This characterization is a stretch, no doubt, for a film that operates in an apocalyptic netherworld of its own logic, including a Volkswagen-sized brain and primordial bog zombies. Rumours finds Maddin reuniting with collaborators and co-directors Evan and Galen Johnson, who push the director from some of his silent-era flair toward post-Brakhage aesthetics, trading iris-ins and iris-outs for frame burns and end flares. The Rumours script, penned by Evan, does tend toward a more structured, chronological telling, even if it does so with sizeable gaps between cause and effect. The premise is this: the G7 leaders, including a Merkel-esque Cate Blanchett and an American president who is inexplicably British in Charles Dance, have convened for a conference in Germany with the express objective of drafting a perfect provisional statement in response to an undefined crisis. What follows needs to be seen to be believed, and even then remains almost impossible to understand, much less describe. 

On the occasion of the film’s release, I had the privilege of speaking with Maddin and the Johnson brothers about their new film.


Conor Truax: I hope you all had a great Thanksgiving. 

Guy Maddin: Oh, yes. Thank you. And a very happy Columbus Day or Indigenous Day, or whatever it’s called in America now. 

CT: I’m actually Canadian, too. I’m back in Canada right now for the holiday.

GM: Where the kind of geopolitical speak [from Rumours] is hanging in the air. 

CT: Exactly. The language of my youth. 

GM: Are you like the child of a diplomat or something like that? 

CT: A bureaucrat. 

GM: I love it. 

CT: Rumors is unconventional in the sense that on paper, the weight of your collaboration comes in direction, rather than writing. Was there any collaboration between you three as Evan was writing?

Evan Johnson: I think the official credit is right: the story is by the three of us, and the screenplay is by me. The premise of the film was a group conception; so was the tone. We got as far as coming up with scene ideas together, or bits of dialogue, and I would go off and write. 

GM: Usually Evan was in a flow state and producing many pages of dialogue every day. He was really on a roll. He was just channeling this stuff like a medium. And he surprised me often with plot developments that we hadn’t discussed.

CT: It’s certainly a film that has a lot of surprises, and it’s hard to categorize them or define them. Was there a particular reason you were interested in the G7 summit? And Evan, were you channeling any influences with the diplomatic-speak throughout the script?

EJ: I’ll answer the latter question first. I think it’s osmosis. I don’t recall needing or wanting to study the language in particular. It’s always been my curse and sometimes my blessing that I don’t have my own style. When I write, I just write some other style that I have in my head. 

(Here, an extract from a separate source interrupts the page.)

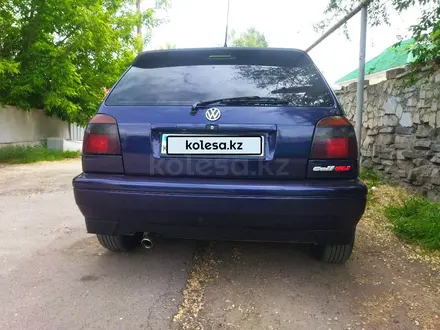 Volkswagen Golf 1997 года за 2 000 000 тг. в Алматы – фото 43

I don’t think I studied [any heads of state]. We studied the history of the G7 — what they were like each year, who went to which ones, why it was created in the first place and what they do at them, various criticisms of what they do. Our initial fascination with the G7 conference started from their media presentations over the years. As you know, one world leader by themself can be a funny cartoon figure, but if you get them together, they become stranger and funnier than they would otherwise be. We’re enamored by the spectacle.

Credit: Bleecker Street

GM: I can’t remember the question, but you seem to have answered it.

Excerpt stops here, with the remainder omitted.